Jessica Chastain is destined to win much acclaim (and more than a few awards) for her stunning work as Maya, a fictionalized composite of some real-life CIA analysts screenwriter Mark Boal met with and learned about during his research. Not much is learned about Maya's past or her extracurricular activities, and that's on purpose; she has given up everything for her job, a fact that she refuses to acknowledge until she's met her goals. If Boal barely hints at breadcrumbs of information and back story, leave it to the chameloeonic Chastain to fill in the gaps with her sheer presence and depth as a person and performer. There isn't a weak spot in the ensemble surrounding her, each one fulfilling their duties as if they're not acting at all. This includes Jason Clarke (2012's "Lawless") and Jennifer Ehle (2011's "Contagion") as Maya's colleagues Dan and Jessica, and Chris Pratt (2012's "10 Years") as Justin, a Navy SEAL involved in eliminating bin Laden.
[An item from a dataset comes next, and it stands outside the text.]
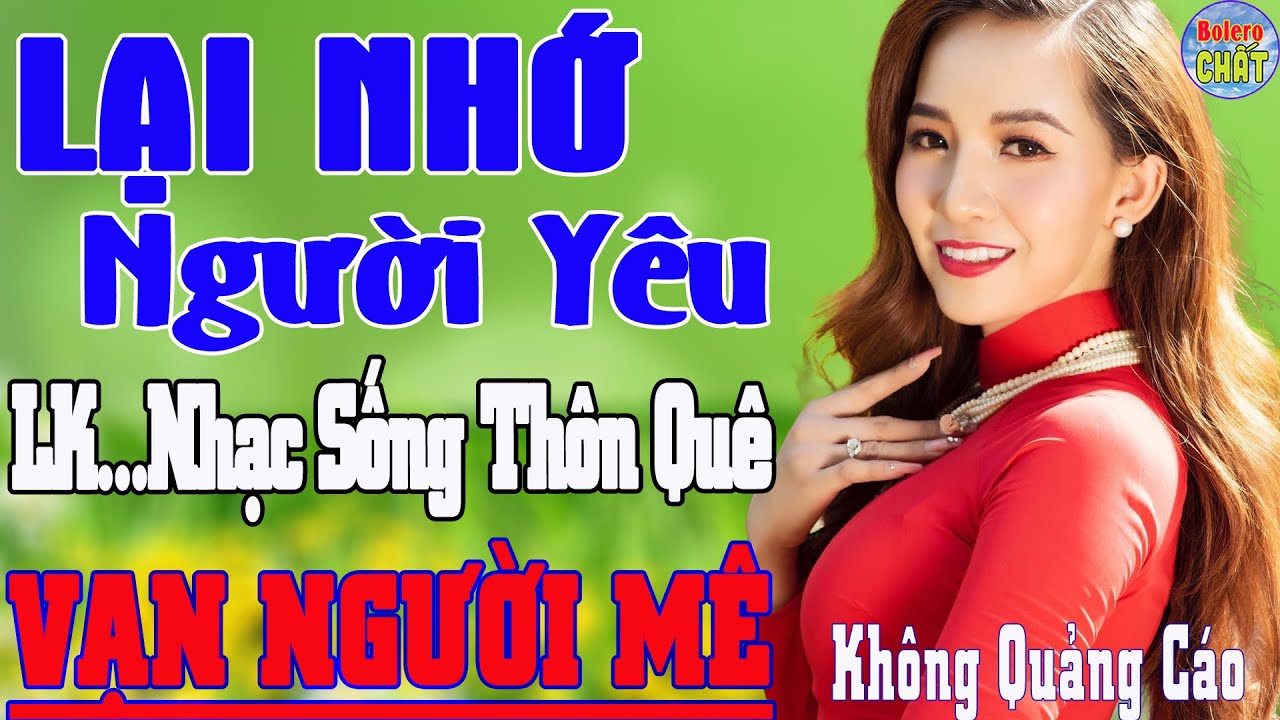 LẠI NHỚ NGƯỜI YÊU ➤LK NHẠC SỐNG THÔN QUÊ VẠN NGƯỜI MÊ TOÀN BÀI HAY - KHÔNG QUẢNG CÁO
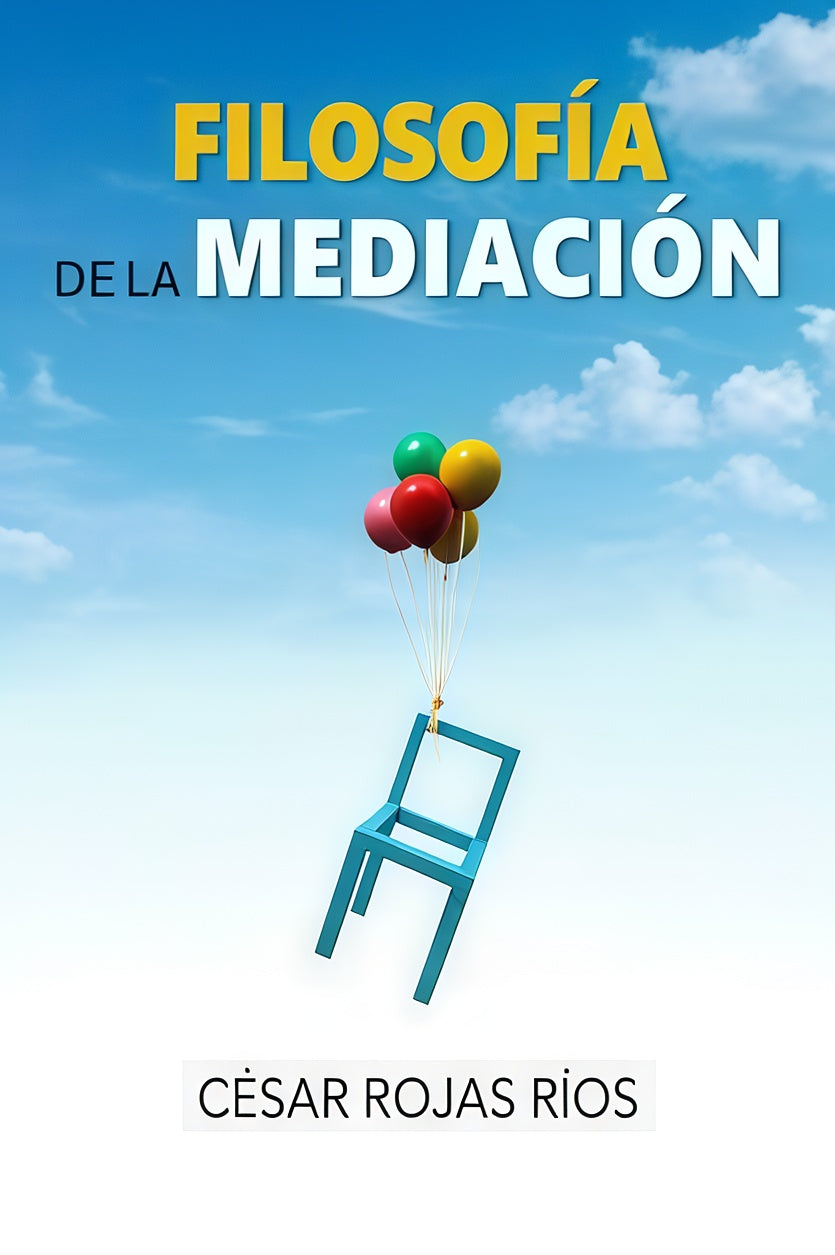 FILOSOFIA DE LA MEDIACION | CESAR ROJAS RIOS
"Zero Dark Thirty" has a sleek look, courtesy of Greig Fraser's (2012's "Killing Them Softly") cinematography, and a cool, jittery score from Alexandre Desplat (2012's "Argo"). Taking its time before approaching the expected finale, if the meticulously researched nighttime showdown at Osama's hideout—a compound actually sitting in plain sight—teeters on the edge of anticlimactic only due to Bigelow's refusal to exploit the subject, then the final scene makes up for it with a much-earned outpouring of emotion. The entire film, as steely, direct and workmanlike as it's been, has culminated in this moment, one that powerfully pays off Jessica Chastain's dedicated, worn-thin Maya in a big way. It's a dramatic catharsis that arrives at precisely the right time, one that is crucial for "Zero Dark Thirty" to satisfy while leaving the permeating imprint that it does.